• **Data to use**:
/---

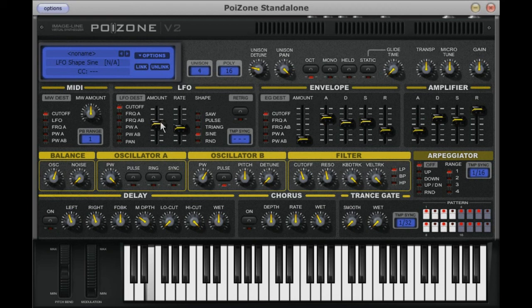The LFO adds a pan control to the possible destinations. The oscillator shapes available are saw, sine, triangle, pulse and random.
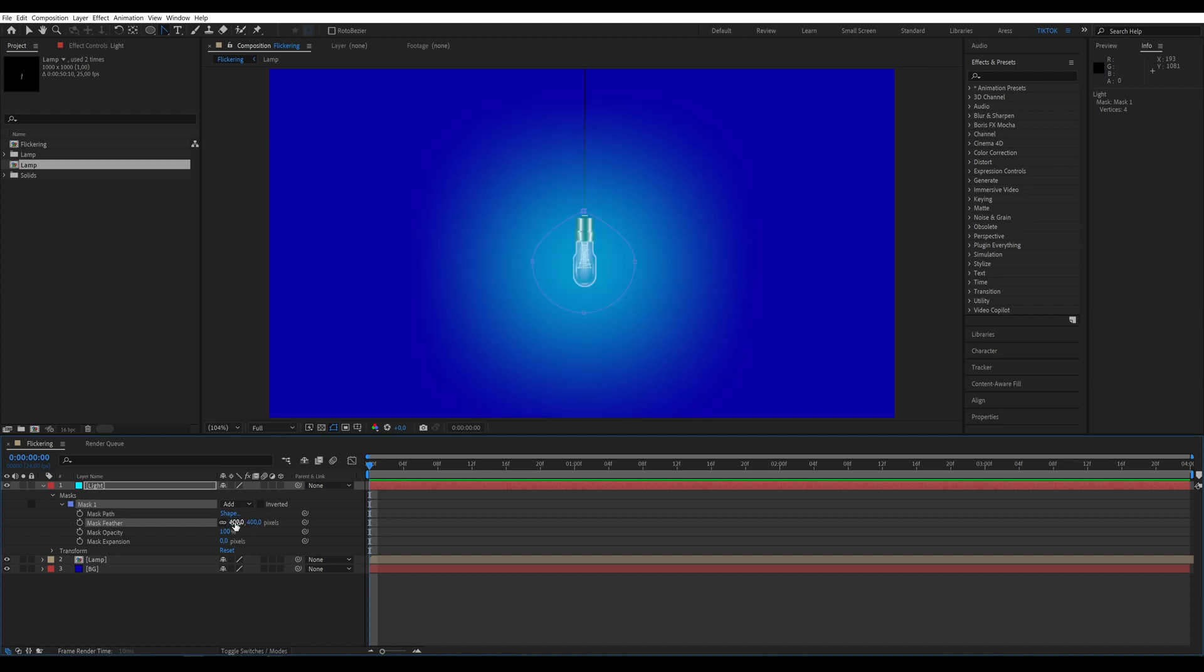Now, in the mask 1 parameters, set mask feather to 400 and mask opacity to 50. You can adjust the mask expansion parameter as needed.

\---
/---

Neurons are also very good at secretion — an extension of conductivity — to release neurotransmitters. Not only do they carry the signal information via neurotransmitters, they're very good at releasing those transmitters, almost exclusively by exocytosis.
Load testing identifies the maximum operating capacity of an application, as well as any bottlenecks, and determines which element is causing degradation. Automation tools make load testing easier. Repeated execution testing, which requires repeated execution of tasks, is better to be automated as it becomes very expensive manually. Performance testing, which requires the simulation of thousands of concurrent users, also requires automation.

\---

• **Brief**: In the listing above, find the line containing "The LFO adds" and the line containing "Now, in the"; print those lines and every line between them exactly, leaving out pictures.

• **Expected answer**:
The LFO adds a pan control to the possible destinations. The oscillator shapes available are saw, sine, triangle, pulse and random.
Now, in the mask 1 parameters, set mask feather to 400 and mask opacity to 50. You can adjust the mask expansion parameter as needed.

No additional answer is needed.